# Week6 Assignments (part 1)

**Please do all the assignments for this week using the "mlops_eng3" Conda environment.** (You can create it by following `week6_tutorial.ipynb` in the tutorial directory.)

You'll gain some hands-on experience with monitoring your model using Prometheus and Evidently in this week's assignments. This week's assignments consist of three parts. The first part (this notebook) is about configuring Prometheus alert rules for your inference service. In the [second part](./week6_assignments_part2.ipynb), you'll use Evidently to monitor your model's performance, including different phases needed in monitoring model performance, such as collecting the ground truth and using Evidently to calculate the model performance metrics. In the [final part](./week6_assignments_part3.ipynb), you'll build a KKP pipeline to unify the phases required to monitor model performance. 

**Guidelines for submitting assignments**:
- In the first part, you'll need to write some configurations in a YAML file (`manifests/prometheus-config-patch.yaml`), so please include the YAML file in your submission.  
- For every remaining assignment, a code skeleton is provided. Please put your solutions between the `### START CODE HERE` and `### END CODE HERE` code comments. Please **do not change any code other than those between the `### START CODE HERE` and `### END CODE HERE` comments**.
- Some assignments also require you to capture screenshots. Please put your screenshots in a PDF. 
- As for submission, please include the following files:
    - `prometheus-config-patch.yaml` (You should find it in the "manifests" directory)
    - `week6_assignments_part2.ipynb` and `week6_assignments_part3.ipynb` (You don't need to return `week6_assignments_part1.ipynb`)
    - `pipeline.yaml` (this file will be generated when you complete the third part of the assignments)
    - The PDF containing your screenshots

***Important!*** When submitting the files, please **do not** change the file names or put any of them in any sub-folder.


In [1]:
import lightgbm
import warnings
import pandas as pd
from pathlib import Path

from utils.config import FEATURE_STORE_DIR_NAME
from utils.utils import get_model_info, train, send_requests

warnings.filterwarnings("ignore")

assert lightgbm.__version__ == "3.3.5", "Incorrect version of lightgbm"

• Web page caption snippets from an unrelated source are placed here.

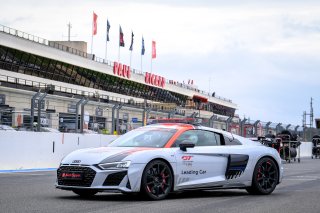 Gridwalk, Race

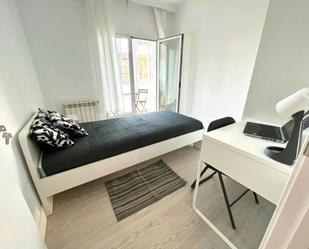 Bedroom of Flat to share in  Madrid Capital  with Heating and Washing machine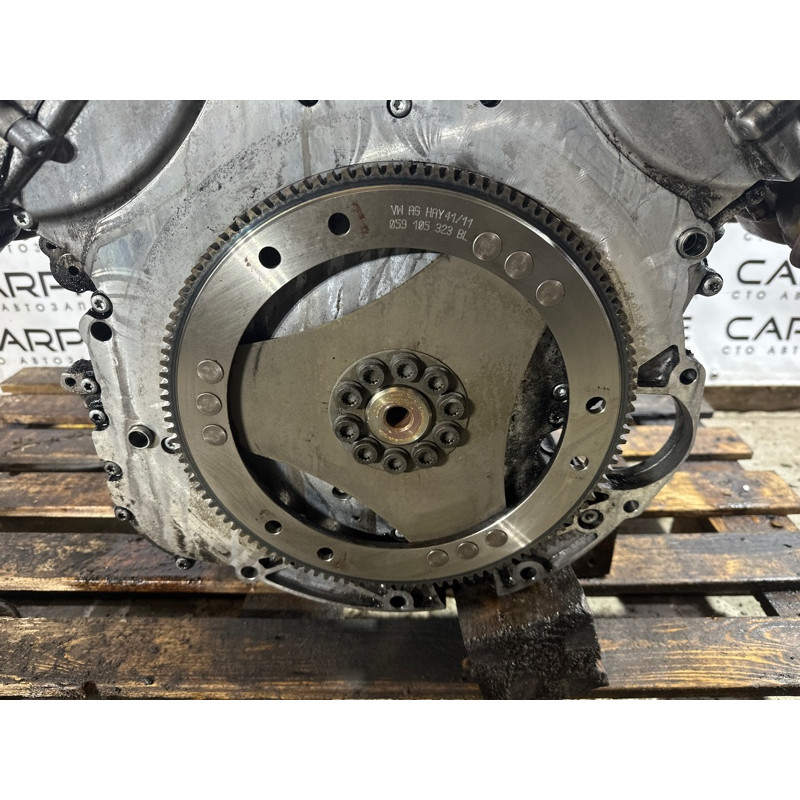 Двигатель (двигатель и элементы) Volkswagen Touareg NF 2012 3.0 TDI 059100099B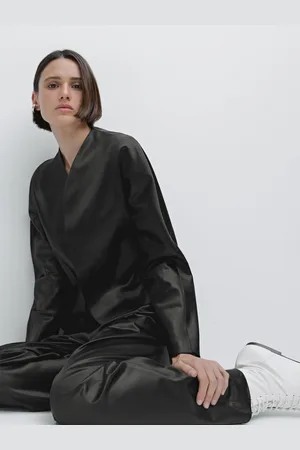 Massimo Dutti Krótka Satynowa Marynarka – Studio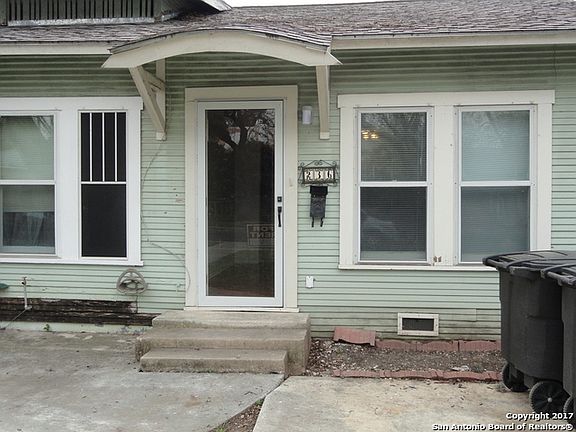 2nd image of 236 E Woodlawn Ave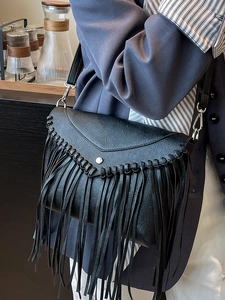 Retro black leather fringe crossbody envelope bag with adjustable strap for women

## Preparation before starting the assignments
Let's begin by training a model and deploying it to KServe. This model is trained using the house price data that we used in Week2 assignments. The task of the model is to predict the price of a house given the house's information such as building year and living area.

The raw training data can be found from "raw_data/reference/train" directory. The training data has been feature-engineered using the `etl` function from the second week and are split into a feature file (0_0_X.parquet) and a target file (0_0_y.csv) in the "feature_store_quarterly" directory. (The name of the feature store directory comes from the fact that we'll save features and targets in a quarterly basis in it.)

In [2]:
WORKING_DIR = Path.cwd()
# Prepare training data
train_x = pd.read_parquet(WORKING_DIR / FEATURE_STORE_DIR_NAME / "0_0_X.parquet")
train_y = pd.read_csv(WORKING_DIR / FEATURE_STORE_DIR_NAME / "0_0_y.csv")

# Model hyperparameters (hyperparameter optimization was performed)
params = {
    "colsample_bytree": 0.7,
    "learning_rate": 0.075,
    "max_depth": 50,
    "min_child_samples": 5,
    "min_split_gain": 20.0,
    "n_estimators": 1000,
    "num_leaves": 100,
    "reg_lambda": 50.0,
    "subsample": 0.1,
    "random_state": 42,
}
model_info = get_model_info()
if model_info is None:
    print("There is no model with a 'stage-Production' tag, start training a model")
    model_info = train(train_x, train_y, params)
model_version = model_info.model_version
model_s3_uri = model_info.model_s3_uri
print(f"The model version is: {model_version}, its S3 URI is: {model_s3_uri}")

There is no model with a 'stage-Production' tag, start training a model


Registered model 'Week6LgbmHousePrice' already exists. Creating a new version of this model...
2024/12/10 15:54:04 INFO mlflow.store.model_registry.abstract_store: Waiting up to 300 seconds for model version to finish creation. Model name: Week6LgbmHousePrice, version 2
Created version '2' of model 'Week6LgbmHousePrice'.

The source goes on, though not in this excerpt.